WHAT IS NEEDED -> For this exercise, repeat exactly the lines below starting at the line holding "Carnivorous Plant (Anthologies) Trading Card" and ending at the line holding "Coton noir noeuds papillon blancs", both included, with no extra lines and no pictures.
DATA UNDER STUDY START
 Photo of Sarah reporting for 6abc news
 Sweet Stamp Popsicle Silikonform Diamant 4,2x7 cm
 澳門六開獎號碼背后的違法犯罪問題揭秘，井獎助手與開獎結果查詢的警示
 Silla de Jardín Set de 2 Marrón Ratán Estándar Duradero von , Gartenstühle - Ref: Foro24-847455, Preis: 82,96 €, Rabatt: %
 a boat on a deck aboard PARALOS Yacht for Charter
DATA UNDER STUDY END
DATA UNDER STUDY START
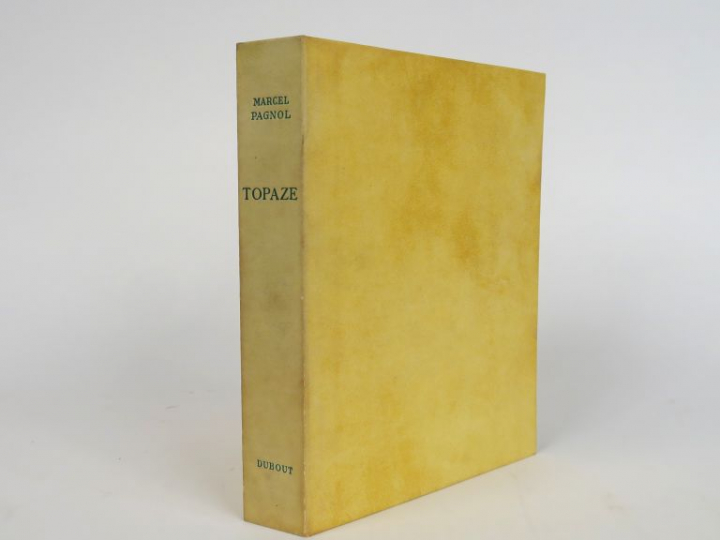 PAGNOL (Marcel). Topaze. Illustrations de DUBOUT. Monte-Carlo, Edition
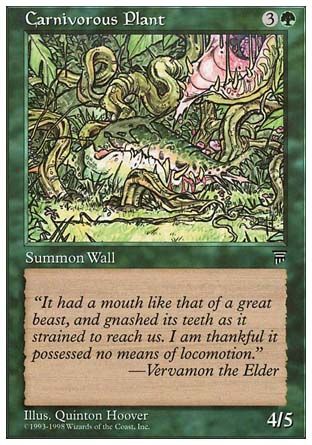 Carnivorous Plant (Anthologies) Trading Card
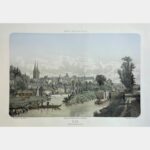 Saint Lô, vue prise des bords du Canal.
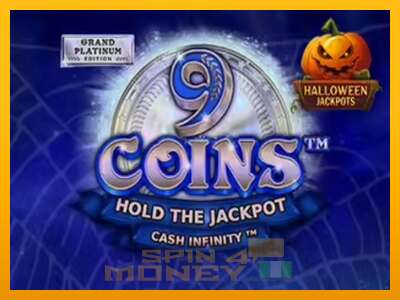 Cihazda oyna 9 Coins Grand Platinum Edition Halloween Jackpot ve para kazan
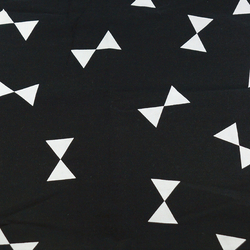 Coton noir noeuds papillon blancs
DATA UNDER STUDY END
THE COMPLETED TASK ->
 Carnivorous Plant (Anthologies) Trading Card
 Saint Lô, vue prise des bords du Canal.
 Cihazda oyna 9 Coins Grand Platinum Edition Halloween Jackpot ve para kazan
 Coton noir noeuds papillon blancs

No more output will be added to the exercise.